Fabric attributes
The catch-all term seismic interpretation, often used to refer to the labour of digitizing horizons and faults, is almost always spatially constrained. Picking seismic line-by-line means collapsing complex 3D patterns and volumes onto 2D maps and surfaces. It hurts me to think about what we are discarding. Take a second and imagine looking at a photograph one row of pixels at a time. So much is lost in the simplification.
Attributes, on the other hand, can either quantify the nature of a horizon, probe between horizons, or characterize an entire 3D space. Single-trace attributes can tell us about waveform shape and magnitude which allegedly responds to true physical impedance contrasts. Multi-trace attributes (coherency, curvature, etc.) pull information from neighbouring traces.
The fabric test model
In a spirited act of geeky indulgence, I went to my linen closest, grabbed some tea towels, pulled out my phone (obviously), and captured this scene. A set of four folded tea towels overlapping and spread across my counter top—reverse engineering what I thought to be a suitable analogy for training my seismic inutition. The left (blue) tea towel is a honeycomb texture, the second (green) is speckled like a wash cloth, the third is a high thread-count linen, and the fourth has a grid of alternating cross-hatches and plain print. Don't laugh! It turns out to be quite difficult to verbally describe the patterns in these fabrics. Certainly, you will describe them differently to me, and that is the problem.
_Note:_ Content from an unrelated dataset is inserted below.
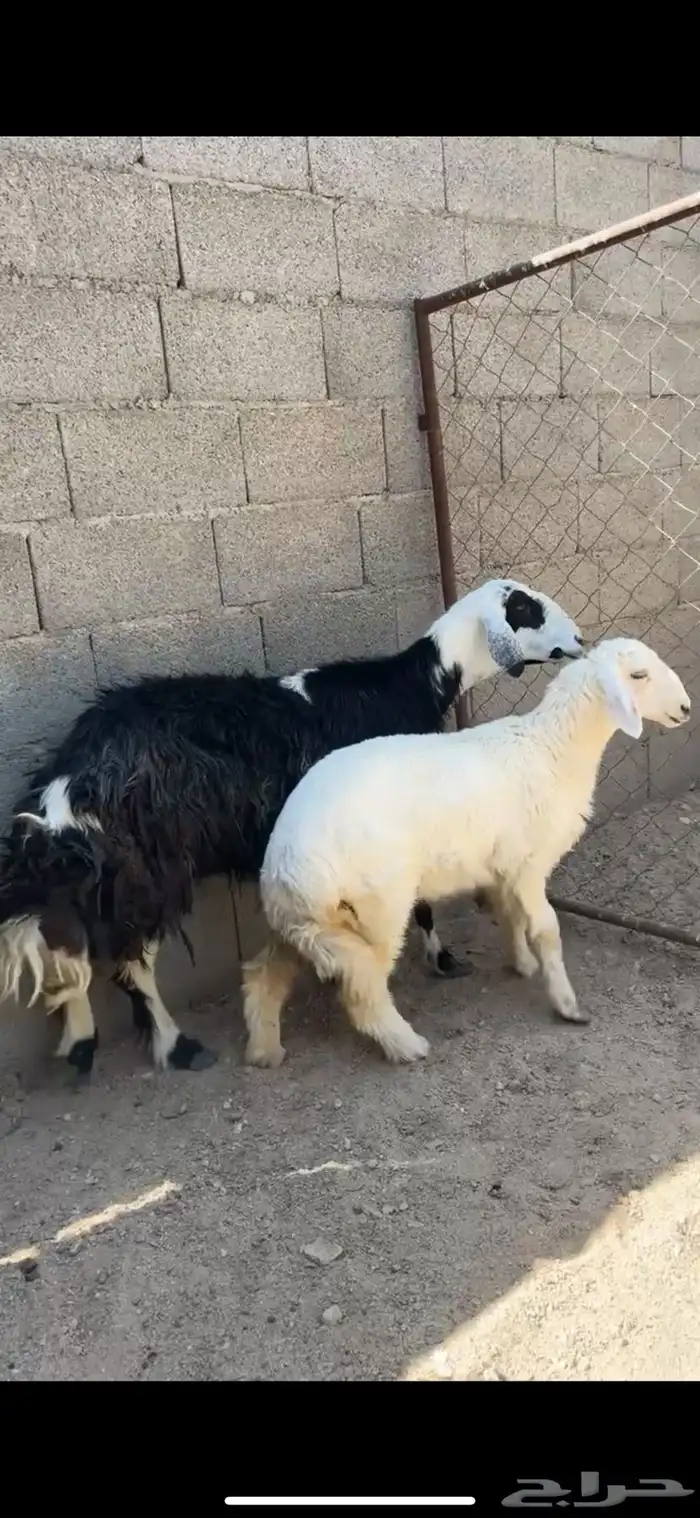 خلفه تحتها رخل 0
Perhaps image processing can transcend our linguistic limitations. In seismic, as in image processing in general, there are attributes that work on each sample (or trace) independently, and there are attributes that use an ensemble of neighbouring samples in their computation. See if you can think a seismic analogy in the for each of these image attributes.
- Spectral decomposition shows the component of the RGB color spectrum at each sample location. I subsequently clipped and enhanced the red panel to show curves, wrinkles and boundaries caused by the interplay of light, shadows, and morphology.
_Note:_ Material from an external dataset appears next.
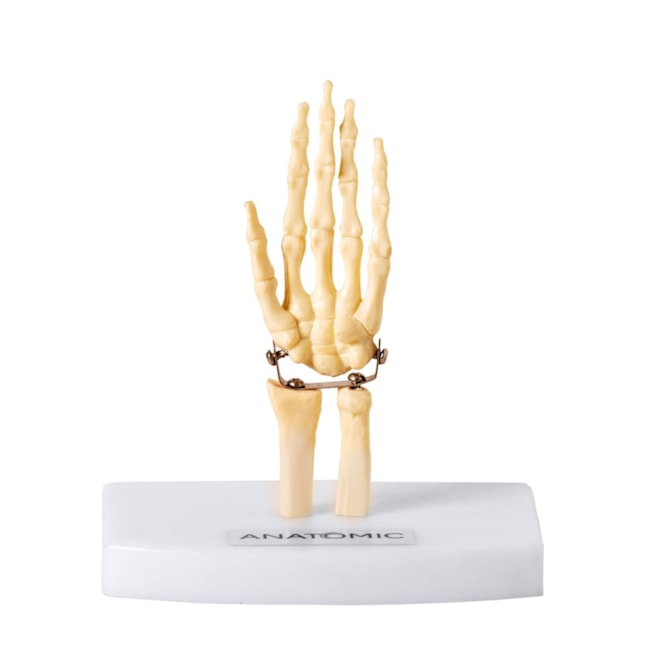 Esqueleto da Mão Tamanho Mini-1a354da1-fe8e-477e-9cc8-7ac4cec79679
- Spectral filtering extracts or removes hues. In this instance, I have selected all the color triplets that make up the blue tea towel. You could also select a range to say, show where the shadows are.
- Edge detection, after smoothing, shows sharp edges in white and yellow, soft edges in purple and blue. The wrinkles and subtle folds on the right most fabric have also been detected.
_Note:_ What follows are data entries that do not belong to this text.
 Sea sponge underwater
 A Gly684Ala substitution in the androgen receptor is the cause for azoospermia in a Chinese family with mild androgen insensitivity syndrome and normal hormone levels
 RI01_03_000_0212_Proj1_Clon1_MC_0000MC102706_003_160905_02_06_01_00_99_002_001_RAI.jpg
My question: can you manually draw the morphology, or the blues, or the edges and discontinuities? Manual interpretation is time consuming, prone to error, seldom reproducible, and that makes it flawed. Furthermore, none of these attributes actually tell us about the nature of the textures in the fabric. Indeed, we don't know if any of them are relevant at all. Colour happens to be one proxy for texture in this case, but it fails in delineating the two whitish fabrics.
Artistically and computationally speaking, I submit to you that seismic data are nothing but images. In the next post I will extend this fabric-photograph model to explore the utility of textural attributes.
Theses images were made using the open source FIJI and the illustrations were done in Inkscape. The attributes were computed in MATLAB and FIJI.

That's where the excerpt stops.